Europêche represented the European fishing fleet at the recently concluded 27th ordinary meeting of the International Commission for the Conservation of Atlantic Tunas (ICCAT).
Despite the numerous calls from the EU on all countries to take proportional effort and responsibility towards the good management and full recovery of bigeye tuna, some countries have been increasing catches of tropical tuna stocks in the last decade, in stark contrast with the catch reductions for the EU fleet.
After long debates, ICCAT parties decided to set a TAC of 62,000 tonnes for bigeye tuna, a roll-over of the TAC of 110,000 tonnes for yellowfin, as well as a period of closure of fishing on FADs being reduced from three months to 72 days over the entire area of the Atlantic.
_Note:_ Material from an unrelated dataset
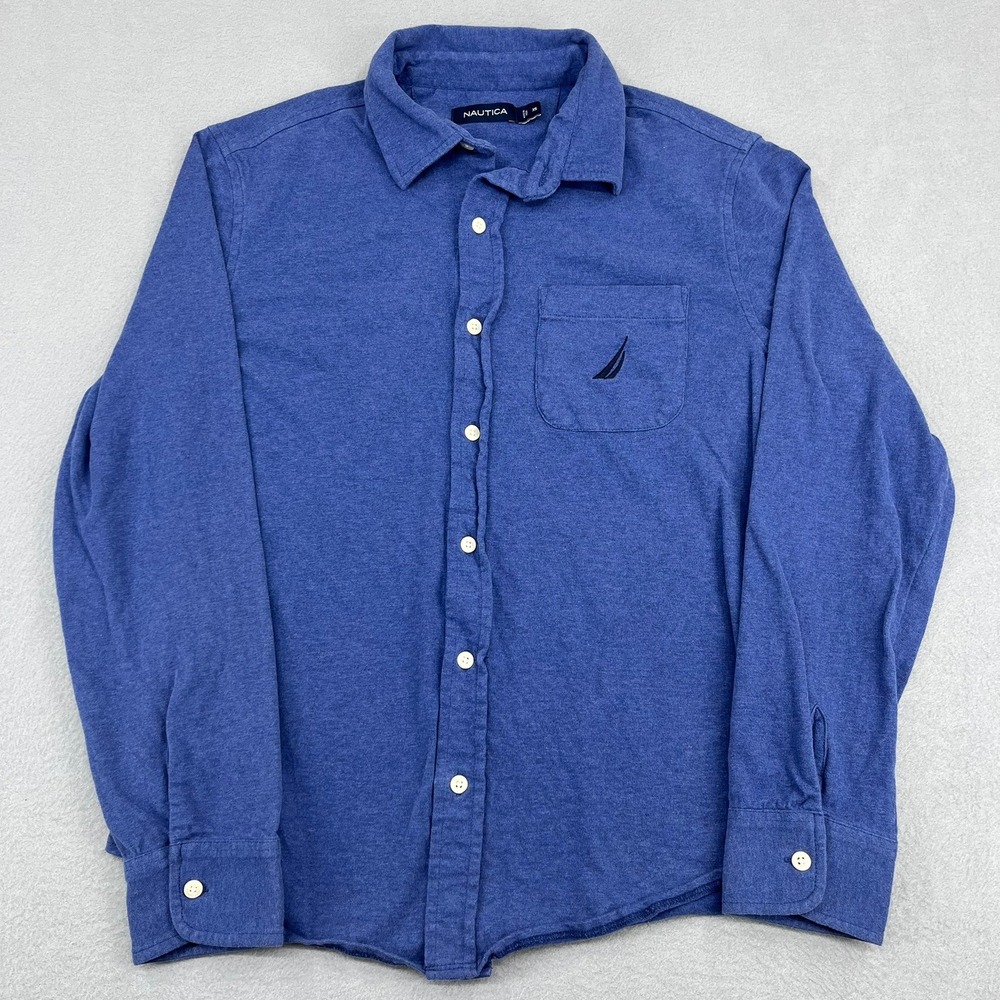 Nautica Mens Blue Jersey Knit Cotton Button Down Shirt Size‎ XS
“An increase in the bigeye tuna TAC to 75,000 tonnes was possible and within the limits set by scientific recommendations,” Mr Javier Garat, President of Europêche, declared. “This would have particularly benefited some developing coastal countries and, as such, it was a missed opportunity. Europêche also regrets the continuation of the FAD closure, although slightly reduced, given its excessive socio-economic impact. Nevertheless, European tuna fishing vessels will continue to follow and respect ICCAT’s recommendations.”
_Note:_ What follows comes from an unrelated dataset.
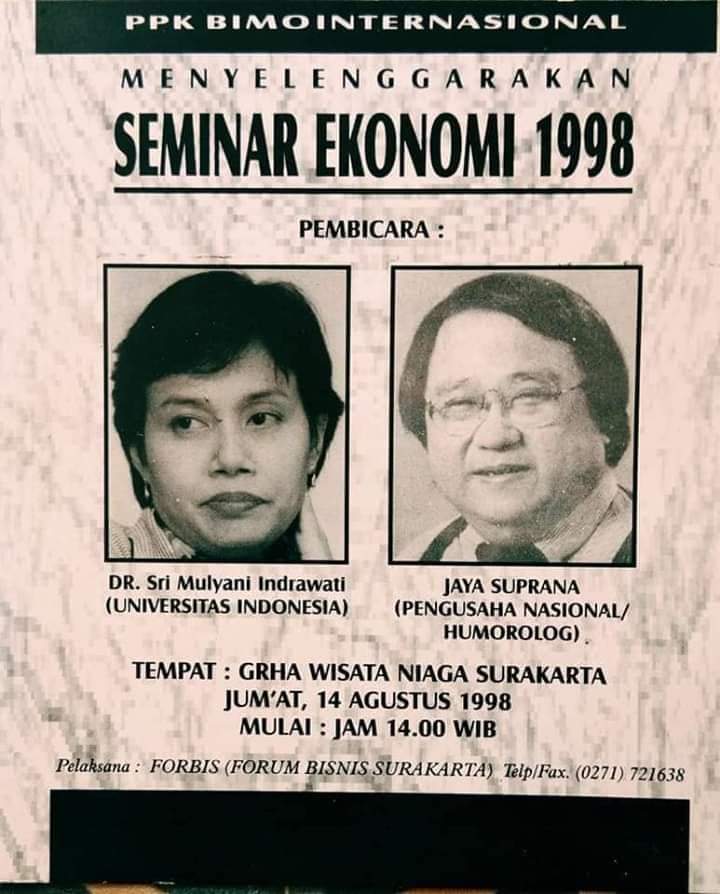 narkosun's tweet photo. Testimoni panpel Seminar Ekonomi 1998 di Solo.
Concerning the North Atlantic albacore stock, the sector criticises the unjustified introduction of a precautionary approach much stricter than usual for a stock that is in healthy conditions. In addition, the stock will remain underexploited given the absence of a revision of the management objectives which will be addressed next year by the ICCAT’s scientific committee.
“Regrettably, our fishermen have not stopped tightening their belts on their national quota since 2016 due to a lack of timely legislative action,” added Mr Garat.
Finally, the shortfin mako shark has been the subject of long debates leading to a retention ban for the year 2022 and 2023, pending an assessment by the scientific committee on the possible retention of already dead specimens. The retention on board of mako sharks that arrive dead to the vessel was defended by the European Union and the sector.
“The president of ICCAT’s scientific committee already specified in 2019 that discarding dead fish does not bring any conservation value to the rebuilding of the stock,” Mr Garat said. “Besides, it’s a waste of food, prevents the collection of scientific data and does not recognise the efforts made by EU fishermen who have reduced their catches by almost 40 per cent in the last few years.”
Europêche once again criticises the opposition and veto of certain Asian countries to introduce the obligation to provide more data to scientists and to land the fins naturally attached to the bodies, an obligation already applied in the EU.
“ICCAT should be categorical on this point: ‘no data, no fishing,'” Mr Garat said.